Mueller gave some credit to the FBI's program to develop relationships within America's Muslim community.
“And every opportunity I have, I reaffirm the fact that 99.9 percent of Muslim-Americans or Sikh-Americans, Arab-Americans are every bit as patriotic as anybody else in this room, and that many of our cases are a result of the cooperation from the Muslim community in the United States,” Mueller said.
Within some circles, engaging the U.S. Muslim community is controversial. But as a tactic to deter the emergence of radical jihadism in the U.S., I think it only makes sense. As Mueller argues, the vast majority of American Muslims are peaceful, and it only make sense to engage them as allies to be on guard against the emergence of violent groups. This approach is codified in the National Strategy for Homeland Security:
The arrest and prosecution inside the United States of a small number of violent Islamic extremists points to the possibility that others in the Homeland may become sufficiently radicalized to view the use of violence within the United States as legitimate. ... We will continue efforts to defeat this threat by working with Muslim American communities that stand at the forefront of this fight.
I'm also reminded of this 2006 report by the Vera Institute of Justice, which found that, although the FBI had been more proactive in its outreach efforts within Arab American communities, those communities generally perceived local law enforcement as more trustworthy:
Toward local police agencies, Arab Americans reported a fair amount of goodwill, even in jurisdictions where the two had little interaction. Where departments invested resources to cultivate this goodwill, the evidence points to dividends in the form of reduced tension. Community perceptions of federal law enforcement were less positive. Even though most of the FBI field offices in the study had reached out to Arab American communities, many Arab Americans remained fearful and suspicious of federal efforts.
Local law enforcement has a role to play in detecting potential threats of all types - not only those that emerge from a radical jihadist mindset, but from other ideologies as well (e.g., Timothy McVeigh-type "patriot" groups, narco-terrorists, etc.) My post on the Vera report is here.

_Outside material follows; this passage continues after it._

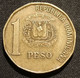 REPUBLIQUE DOMINICAINE - 1 PESO 2002 - "DUARTE" Sous Le Buste - KM 80.2 - Juan Pablo Duarte Y Diez - Dominikanische Rep.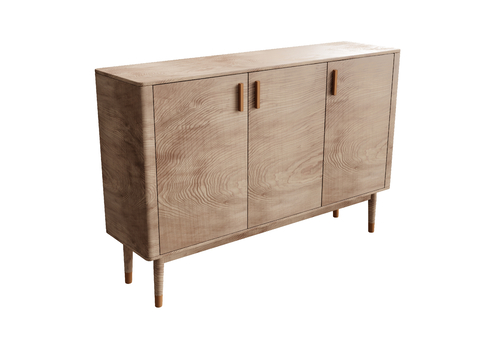 Log Style Entrance Cabinet Side Cabinet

Update 2008-05-07: Yesterday, DHS Undersecretary for Intelligence and Analysis Charlie Allen also riffed on al Qaeda's improved recruiting capabilities in Western societies:
Al-Qaeda's leadership has delivered over the past 12 months, an unprecedented number of audio and video messages and has increased its translation capability, diversity of subject matters, and media savvy to reach out to wider audiences globally. Its objective is to gain wide Muslim support, empathy, financing, and future recruits.

At the top of this sophisticated marketing machine, al Qaida leaders have carefully crafted and controlled their words. Al Sahab produces the audio or videotapes; the al-Fajr online media network plays the messages on numerous electronic platforms to include messages that download onto iPods and similar electronic devices. The Global Islamic Media Front then translates, re-packages, and re-disseminates these messages onto numerous - sometimes redundant - websites with the capacity to regenerate any website if a government or private entity attempts to bring it down.

I find it particularly alarming that al Qaida is improving its ability to translate its messages to target Europeans and North Americans. A year ago, al Qaida leaders solicited for "English translators" and subsequently have ratcheted up the speed and accuracy of translated statements openly marketed to U.S. and other English-speaking audiences. Last month, Osama bin Ladin's Chief Deputy Ayman al-Zawahiri released English translations of a two-part online interview to address questions from both extremists and mainstream Muslims around the world. To help al Qaida target US citizens, several radical websites in the United States have re-packaged al Qaida statements with American vernacular and commentary intending to sway U.S. Muslims.